Wednesday, March 19, 2008

What She Said

Monica pretty much sums up my thoughts on the political situation in the US and the election. So, thank you.

Oh, and she pointed me to a website called, which has information about where the presidential candidates stand (or not) on this issue and which few Representatives voted against it. Very interesting, and I will be investigating this website in more detail.

The prospect of a Real ID makes me think of this scene from The Hunt for Red October (the movie, can't remember if it was in the book or not):

Capt. Vasili Borodin: I will live in Montana. And I will marry a round American woman and raise rabbits, and she will cook them for me. And I will have a pickup truck... maybe even a "recreational vehicle." And drive from state to state. Do they let you do that?
Captain Ramius: I suppose.
Capt. Vasili Borodin: No papers?
Captain Ramius: No papers, state to state.
My goodness, I'd like to keep it that way.


Elisheva Hannah Levin said...

The Real-ID thing is very scary, even sans RFID chip.

My state is "thinking about it." However, the citizens are against it, so I am guessing the state filed the paperwork in order to buy time.

My question: What should we do if we refuse?

I suppose not going to a Federal Building is not going to ruin my day. And NM is plenty big enough that I won't feel too bad not traveling.

My passport is good until 2012, though, so I am not likely to feel the pain until then.

The whole thing is such a transparent ruse to control us and remove our freedoms.

Maybe we should all just refuse to fly and let the airlines go out of business?

C. August said...

I hadn't thought about the connection to Hunt for Red October, but the prospect of needing ID to cross state lines is chilling, and doesn't stretch the imagination that much to see some politician proposing it in a few years.

Though since we're talking about Sean Connery here, Capt. Ramius' response would have been:

"No papersh, schtate to schtate."

Rational Jenn said...

Ah, Sean Connery!

At least one DHS official was dreaming out loud about other possible uses for the Real ID when he said last January:

"If you have a good would make it much harder for meth labs to function in this country."

That was Stewart Baker, asst secretary for Policy with the DHS.

Right now the only restrictions are on entering federal buildings, nuclear power plants, and to fly on commercial airplanes. But it's easy to see how tempting it will be for the feds to require it in other ways, since the "War on Drugs" is, in their view, a threat to homeland security.

It's bad enough that I have to present my Driver's License to buy Sudafed--but Baker just hinted that I might not be able to buy it without a Real ID!
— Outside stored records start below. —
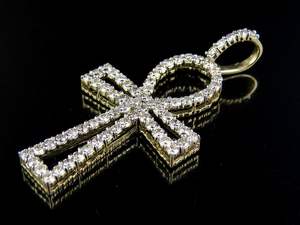 จี้เงินสไตล์ฮิปฮอปของผู้ชาย S925แบบกำหนดเองดีไซน์ยอดนิยมพร้อมเพชรโมอิสซาไนต์ชุบโรสโกลด์ - Product Image 3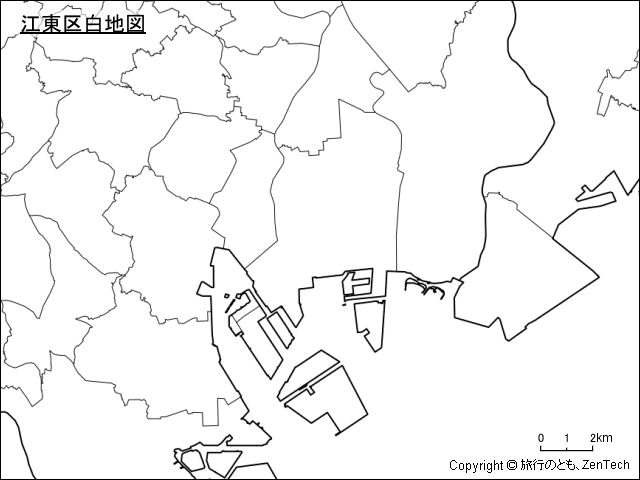 江東区白地図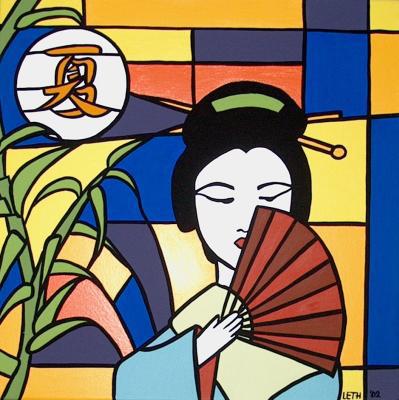 Japanse vierjaar -getijden zomer Japanse vierjaar -getijden zomer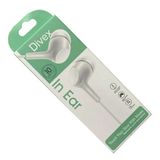 Divex Aux Stereo Kulakiçi Kulaklık Beyaz DH-270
The DHS is also touting this as a way to prevent identity theft. And it's easy to foresee that other government offices and possibly private businesses would gradually come to "prefer" a Real ID instead of a state-issued driver's license, when a person is out of state and must do things like rent a car or visit a post office or buy Sudafed. That's how I can see a need for people to present their Real ID when traveling out of state, simply because they are out of state.

"Papieren, Bitte!"

EHL--I don't fly too much, but I can see when I'd want to. We have family in Arizona and California. The rest are within driving distance--painful, yes, but we could do it. We're looking into passports. And I love the idea of just refusing to fly--but I suspect you knew I would--let's all go on strike! :o)

It is so transparent and what's galling me today is how many people actually support it, how many people are unaware that they are accepting chains in exchange for freedom. Ugh.

I'm also beginning to wonder when it will be a requirement for children to have a Real ID. When I was small, getting a SSN for me was an option. My parents chose it. Now it's difficult to live life in the US without a SSN and you apply for one at the hospital with your newborn. We "chose" to get SSNs for the kids, but it didn't really feel like a choice. I wonder if we should have refused, but there are so many ways in which the SSN is used for non-Social Security reasons. I think the Real ID will end up being used the same way.